In the Sutra, Buddha used one of the most famous Buddhist parables, the woman and the raft. Desperate to cross the river, a woman builds a raft and with great difficulty arrives on the other shore — metaphorically representing the difficult journey into the Dharma towards the destination of realizations, and ultimately Enlightenment. But, Buddha cautioned His students:
BUT, AFTER ARRIVING ON THE OTHER SIDE, SHE THINKS, ‘I SPENT A LOT OF TIME AND ENERGY BUILDING THIS RAFT. IT IS A PRIZED POSSESSION, AND I WILL CARRY IT WITH ME AS I CONTINUE MY JOURNEY.’ IF SHE PUTS IT ON HER SHOULDERS OR HEAD AND CARRIES IT WITH HER ON LAND, BHIKSHUS, DO YOU THINK THAT WOULD BE INTELLIGENT?”
The bhikshus replied, “No, World-Honored One.”
The Buddha said, “How could she have acted more wisely?

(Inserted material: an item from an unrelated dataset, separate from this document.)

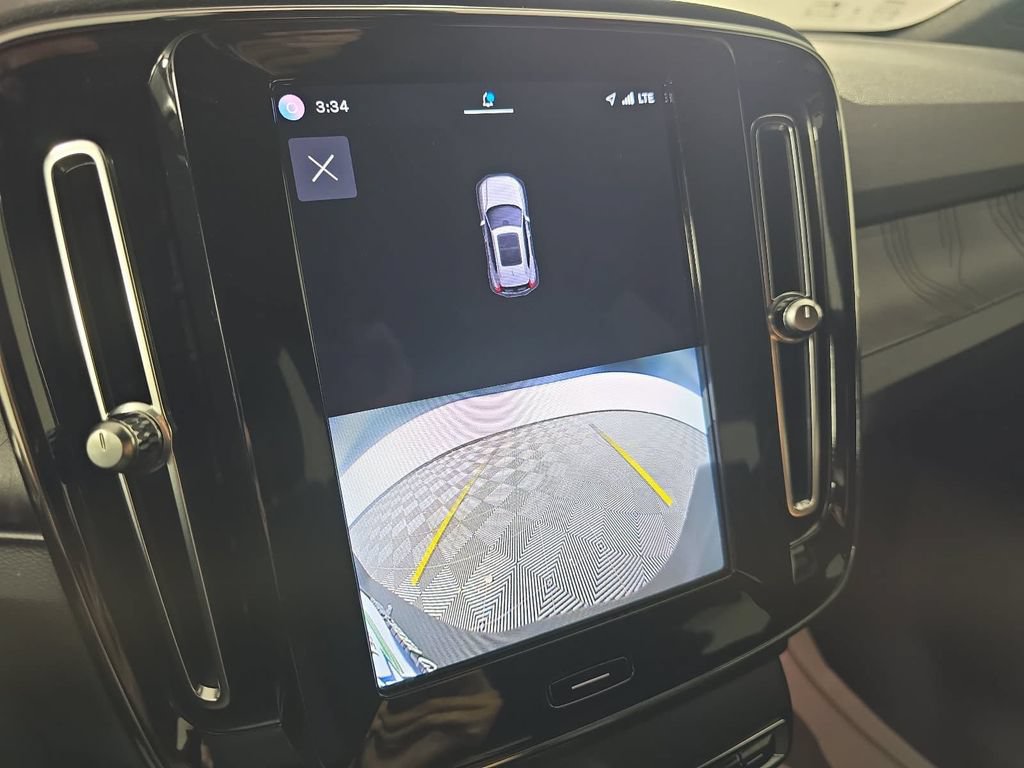 Used 2023 Volvo XC40 Recharge Plus w/ Protection Package Premier AWD/4WD image 19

She could have thought, ‘This raft helped me get across the water safely. Now I will leave it at the water’s edge for someone else to use in the same way.’ Wouldn’t that be a more intelligent thing to do?”
The parable of the raft teaches us to remain unattached. Buddha explained it was important to leave the raft on the shore to help others on the path, and not remain attached to the path itself.
Buddha was explaining to his students that they shouldn’t remain attached to the very teachings that took them to Enlightenments Shore. Thich Nhat Hanh explained, “It is necessary to let go of all the true teachings, no to mention teachings that are not true. This is the spirit we need if we want to understand the Buddha’s teachings.
“May the Sutra of Knowing the Better Way to Catch a Snake sweep away the fog of words and notions in us so that the sun of the true teaching can shine brightly on the field of our understanding mind.”
Bhikshu Arittha was willful on more than one occasion. He had previously been suspended from the order for teaching or speaking wrong views. Prior to that, in the Arittha Sutta (Pali Canon) Artittha is the first to say he understands the Buddha’s teachings on mindfulness of breathing, when it’s clear he does not.
“I have the feeling that although Bhikshu Arittha was willful, he was non unintelligent,” explained Thich Nhat Hanh in his commentary. “In my opinion, Arittha’s misunderstanding stems from his failure to see the difference between attachment to sense pleasures and the joy and happiness that arise from a peaceful mind. On many occasions, the Buddha taught that joy and happiness are nourishing to us, while indulging in the sense pleasures can cause us suffering.” In other words, pleasures themselves are not the cause of suffering, but attachment to them is.
He adds, “But the practice of the Dharma does not exclude the enjoyment of the fresh air, the setting sun, a glass of cool water, and an appreciation of family and friends. Enjoying things in moderation doesn’t bring us suffering or tie us with the bonds of attachment. Once we recognize these things are impermanent, we have no problem enjoying them. In fact, real peace and joy are only possible when we see clearly into the nature of impermanence.”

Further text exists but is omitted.